Um artigo que dois conceituados economistas –
Mariana Mazzucato e Robert Skidelsky - publicaram em Project Syndicate com data
de 10 de Julho[1]
com o título ”Toward a New Fiscal Constitution” conta-se entre os que ajudam a
equacionar esta questão de forma bem clara: “With
the COVID-19 pandemic forcing governments to spend on na unprecedent scale to
sustain businesses and households, there has never been a better time to
restore the state to its proper role as a rudder for the broader economy. The
market alone is simply no match for the challenges of the twenty-first century”
Os autores consideram que os estados actuaram
pouco e demasiado tarde na resposta à
pandemia por terem negligenciado o seu papel na provisão de bens públicos em
todos os domínios, desde a I&D na medicina e na tecnologia, nos transportes
, na saúde e na educação.

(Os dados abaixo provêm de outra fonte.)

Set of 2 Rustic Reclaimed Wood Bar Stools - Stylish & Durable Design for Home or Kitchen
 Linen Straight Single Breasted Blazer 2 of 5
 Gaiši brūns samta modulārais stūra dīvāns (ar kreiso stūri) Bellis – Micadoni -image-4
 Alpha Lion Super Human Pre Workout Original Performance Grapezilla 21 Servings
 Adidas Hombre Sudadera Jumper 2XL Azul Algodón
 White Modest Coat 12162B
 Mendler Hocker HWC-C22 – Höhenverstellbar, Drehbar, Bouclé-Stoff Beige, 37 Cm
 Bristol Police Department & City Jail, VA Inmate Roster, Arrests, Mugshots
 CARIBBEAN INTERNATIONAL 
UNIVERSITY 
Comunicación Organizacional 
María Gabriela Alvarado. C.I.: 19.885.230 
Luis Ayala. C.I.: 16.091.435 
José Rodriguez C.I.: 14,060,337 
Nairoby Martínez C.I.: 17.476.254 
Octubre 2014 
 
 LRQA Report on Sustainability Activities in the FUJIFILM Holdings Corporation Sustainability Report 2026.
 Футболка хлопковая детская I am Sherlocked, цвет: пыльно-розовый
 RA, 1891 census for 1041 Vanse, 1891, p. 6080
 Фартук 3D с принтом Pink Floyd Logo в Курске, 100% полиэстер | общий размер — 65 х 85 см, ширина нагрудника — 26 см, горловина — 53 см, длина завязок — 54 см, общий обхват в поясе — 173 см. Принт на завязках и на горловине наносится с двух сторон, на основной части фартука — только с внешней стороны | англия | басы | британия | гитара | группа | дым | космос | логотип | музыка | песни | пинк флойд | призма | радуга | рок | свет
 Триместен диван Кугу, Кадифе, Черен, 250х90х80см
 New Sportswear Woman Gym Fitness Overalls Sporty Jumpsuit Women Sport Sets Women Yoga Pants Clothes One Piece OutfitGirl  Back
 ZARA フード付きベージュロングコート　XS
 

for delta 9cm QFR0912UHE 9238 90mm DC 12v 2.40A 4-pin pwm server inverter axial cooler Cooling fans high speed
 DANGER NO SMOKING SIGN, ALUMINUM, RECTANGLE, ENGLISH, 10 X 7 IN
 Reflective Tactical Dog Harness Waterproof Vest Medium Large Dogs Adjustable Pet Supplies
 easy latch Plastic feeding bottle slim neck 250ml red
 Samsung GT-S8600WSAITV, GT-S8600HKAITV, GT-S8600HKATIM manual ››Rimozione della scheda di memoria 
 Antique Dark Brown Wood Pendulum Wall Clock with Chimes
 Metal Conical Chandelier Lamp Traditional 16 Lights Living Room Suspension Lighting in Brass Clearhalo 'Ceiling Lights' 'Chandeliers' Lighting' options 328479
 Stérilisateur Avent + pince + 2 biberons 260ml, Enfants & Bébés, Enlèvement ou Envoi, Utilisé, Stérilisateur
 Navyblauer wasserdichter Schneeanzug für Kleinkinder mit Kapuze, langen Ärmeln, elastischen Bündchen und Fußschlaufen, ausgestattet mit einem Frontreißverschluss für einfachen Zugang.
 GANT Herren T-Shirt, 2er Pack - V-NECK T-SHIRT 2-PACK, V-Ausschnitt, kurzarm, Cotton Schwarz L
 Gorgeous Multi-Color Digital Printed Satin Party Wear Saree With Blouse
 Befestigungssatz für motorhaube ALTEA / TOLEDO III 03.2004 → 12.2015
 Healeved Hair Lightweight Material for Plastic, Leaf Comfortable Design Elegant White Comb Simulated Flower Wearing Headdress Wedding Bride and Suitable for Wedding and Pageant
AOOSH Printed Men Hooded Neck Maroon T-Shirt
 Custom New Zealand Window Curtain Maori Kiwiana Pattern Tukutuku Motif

É assim fundamental que não se limitem agora à gestão
da crise e assumam a sua capacidade única e profunda para a orientação da vida
económica em ordem ao bem-comum.
Tal implica um investimento demorado e
paciente para reconstruir suficientemente a capacidade do estado e não apenas
para injectar dinheiro na economia (Helicopter Money) em resposta a uma
emergência.
O caso do Reino Unido (onde também a taxa de
subemprego é dupla da taxa de desemprego) é tomado como exemplo para defender
que “uma transição económica que se
processe em termos suaves exigirá um programa visando a criação de empregos no
sector público com o objectivo de gerar uma base de impostos sustentável ao chamar
a si actividade económica que a crise,
de outra forma, teria tornado estéril. No fundo dever-se-ia considerar que um pleno emprego genuíno deveria ser tido como
um bem público. De facto uma pessoa em pleno emprego aumenta não só o seu
próprio rendimento, como também o da comunidade onde se insere, através do
incremento da procura”.
Um tal Programa seria financiado a nível
nacional mas administrado localmente por agentes como os governos locais, as
ONG, e empresas sociais, cabendo a cada um deles criar oportunidades de emprego
onde são mais necessários, desde os serviços cívicos, ambiente ou prestação de cuidados
às pessoas.
Cabe, pois, a cada país reflectir sobre se
aceita o desemprego como uma inevitabilidade ou se decide criar as condições
para o combater com um verdadeiro Programa Nacional para o Pleno Emprego,
valorizando o seu impacto sobre a economia, a qualificação dos recursos humanos
e, mais geralmente, o bem-estar e a coesão social.